- Exercise -
Reproduce exactly the entries from the "Download Wedding Invitation" line to the end. Skip all pictures.

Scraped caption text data
*-*-*
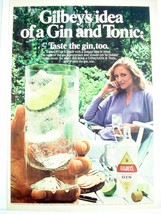 1981 Color Gibley&#39;s Gin Ad  Gibley&#39;s Idea of a Gin and Tonic Taste the G... - £6.28 GBP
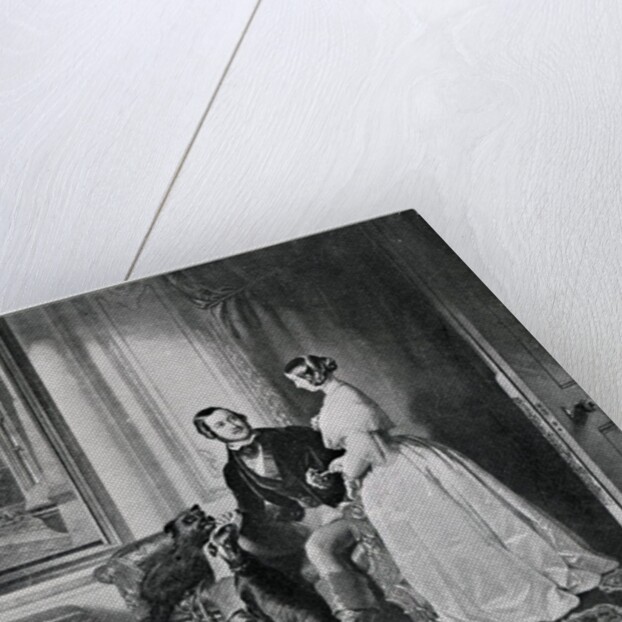 Windsor Castle in modern times by Edwin (after) Landseer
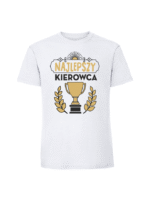 Męska koszulka  z nadrukiem – NAJLEPSZY KIEROWCA PUCHAR - obrazek 6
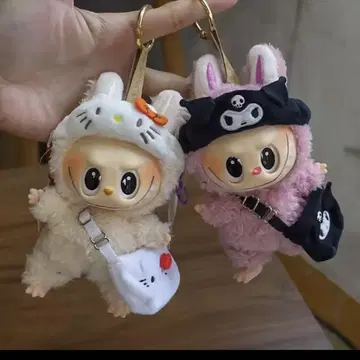 쿠로미 레어 상품 labubu 라부부 옷 갈아입기 산리오 봉제 인형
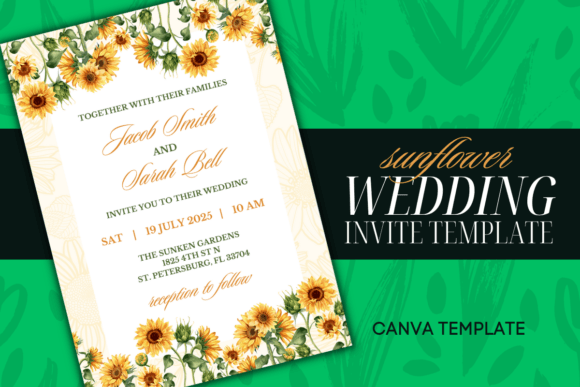 Download Wedding Invitation Template Sunflower - Invitation Collection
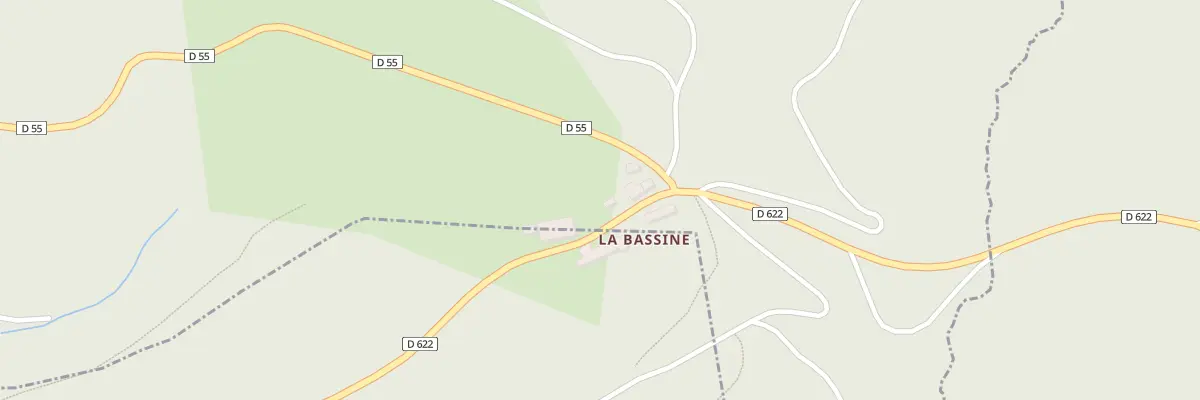 Plan du 5355A La Bassine à Gijounet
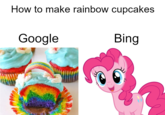 How to make rainbow cupcakes Google Bing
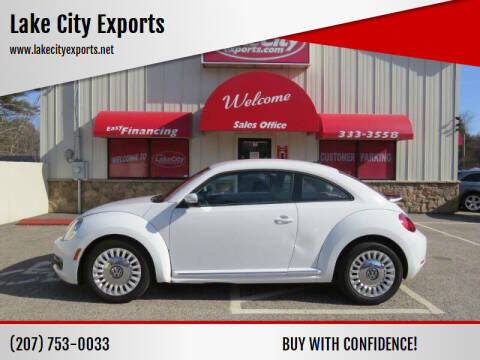 2016 Volkswagen Beetle for sale at Lake City Exports in Auburn ME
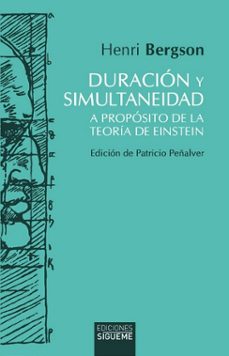 duracion y simultaneidad-henri bergson-9788430122615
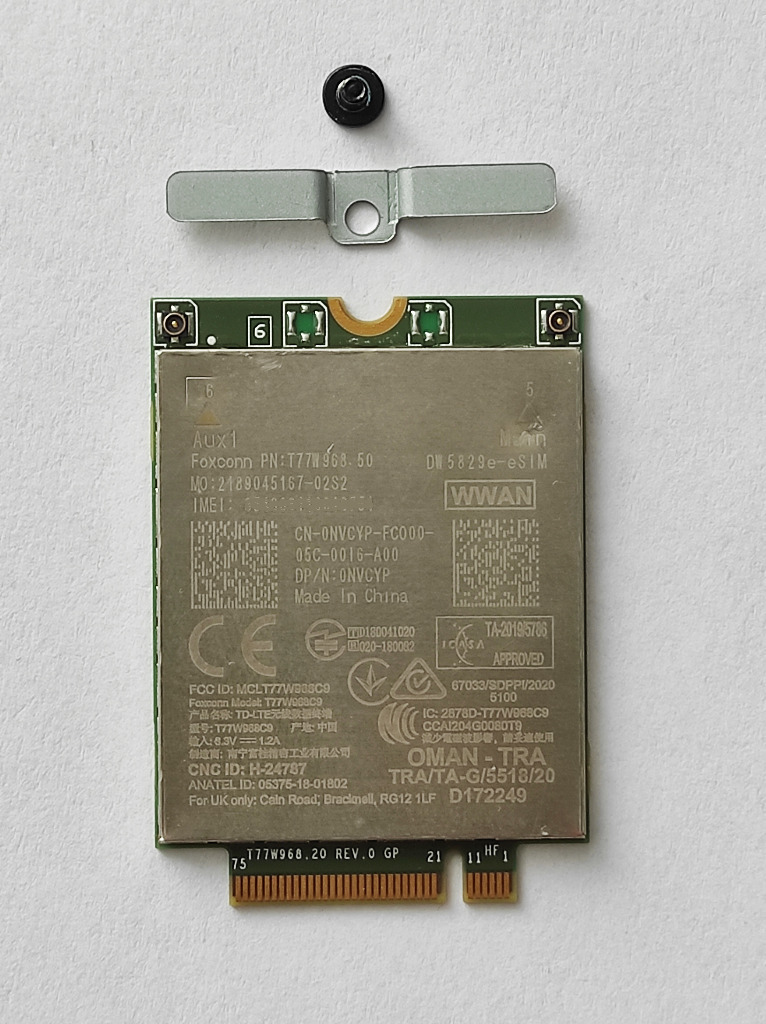 MODEM DW5829eeSIM X20 LTE 450Mbps Dell 7320 7530 Poznań Kup teraz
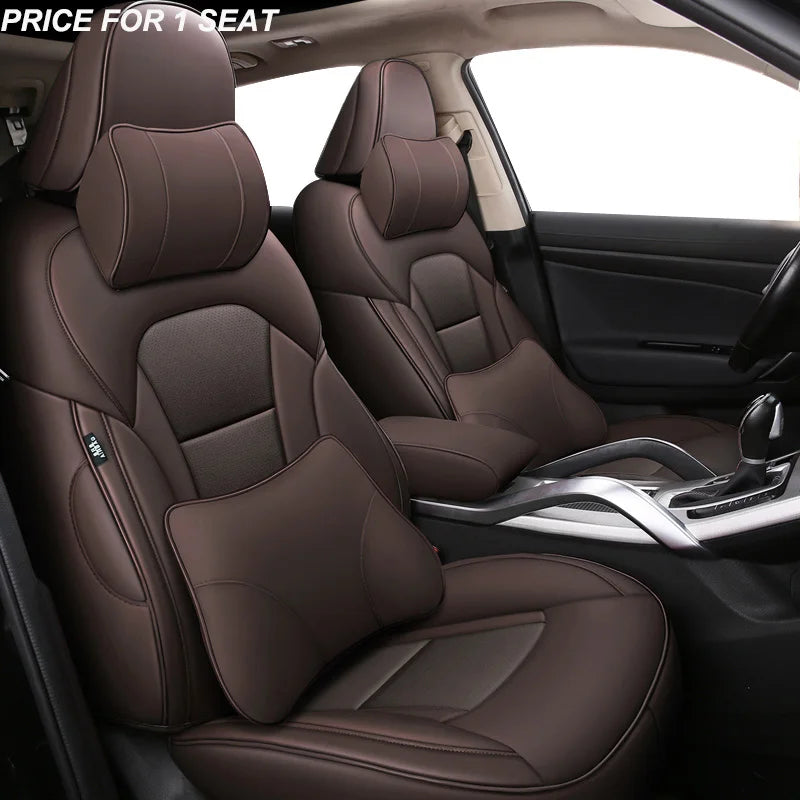 Genuine Leather Custom Auto Car Seat Cover For Mazda 3 BK BL 2010 2006 2015 6 GH GG 2009 CX-5 CX-7 CX3 Interior Accessories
*-*-*
- Answer below -
 Download Wedding Invitation Template Sunflower - Invitation Collection
 Plan du 5355A La Bassine à Gijounet
 How to make rainbow cupcakes Google Bing
 2016 Volkswagen Beetle for sale at Lake City Exports in Auburn ME
 duracion y simultaneidad-henri bergson-9788430122615
 MODEM DW5829eeSIM X20 LTE 450Mbps Dell 7320 7530 Poznań Kup teraz
 Genuine Leather Custom Auto Car Seat Cover For Mazda 3 BK BL 2010 2006 2015 6 GH GG 2009 CX-5 CX-7 CX3 Interior Accessories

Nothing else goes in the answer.